(What this task involves):
Would you please set down the data again exactly as given, excluding the pictures?

(Data excerpt):
——

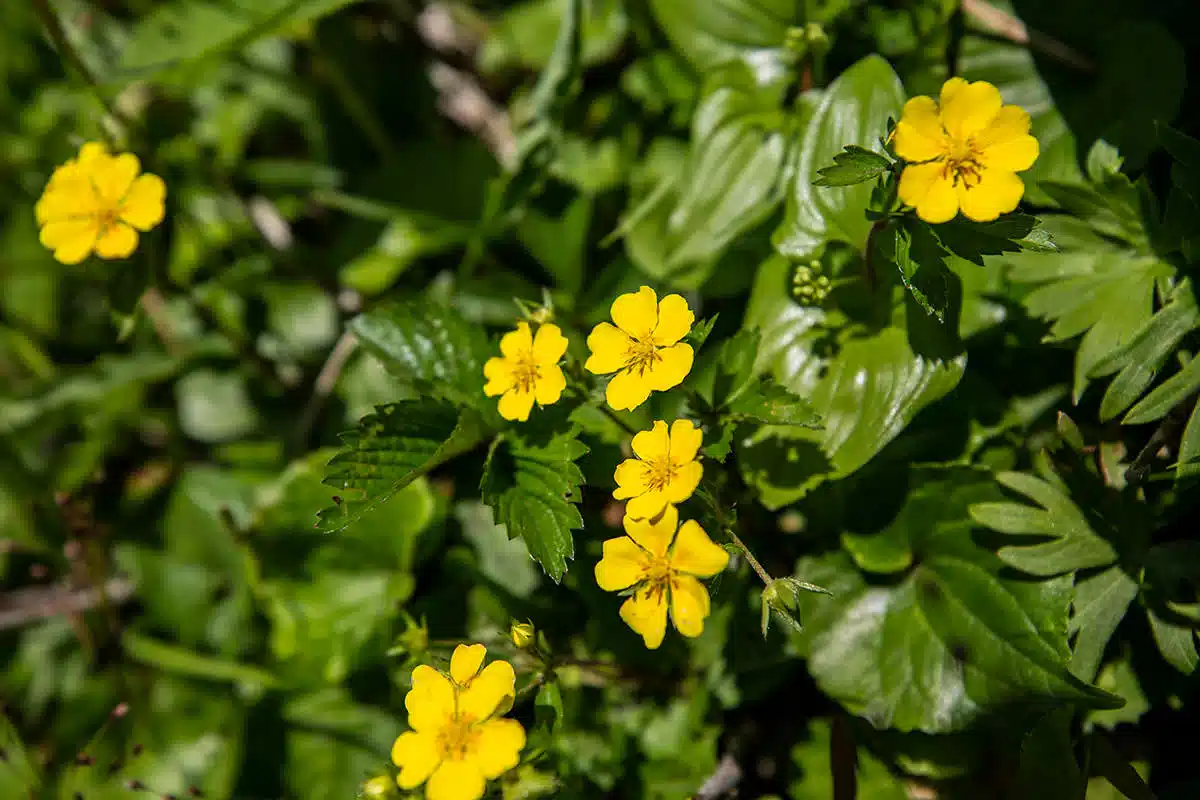 谷川岳登山 谷川岳-黄色い花も咲いてる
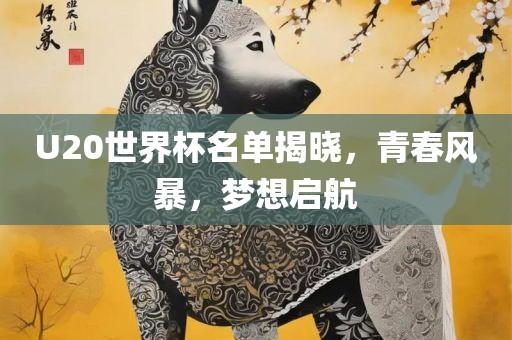 U20世界杯名单揭晓，青春风暴，梦想启航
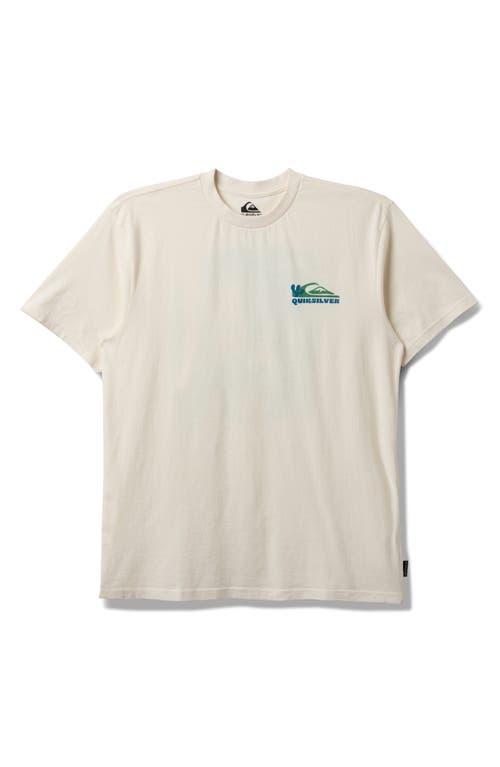 Quiksilver Everyday Paradise Cotton Graphic T-shirt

——

(Solution to the exercise):
 谷川岳登山 谷川岳-黄色い花も咲いてる
 U20世界杯名单揭晓，青春风暴，梦想启航
 Quiksilver Everyday Paradise Cotton Graphic T-shirt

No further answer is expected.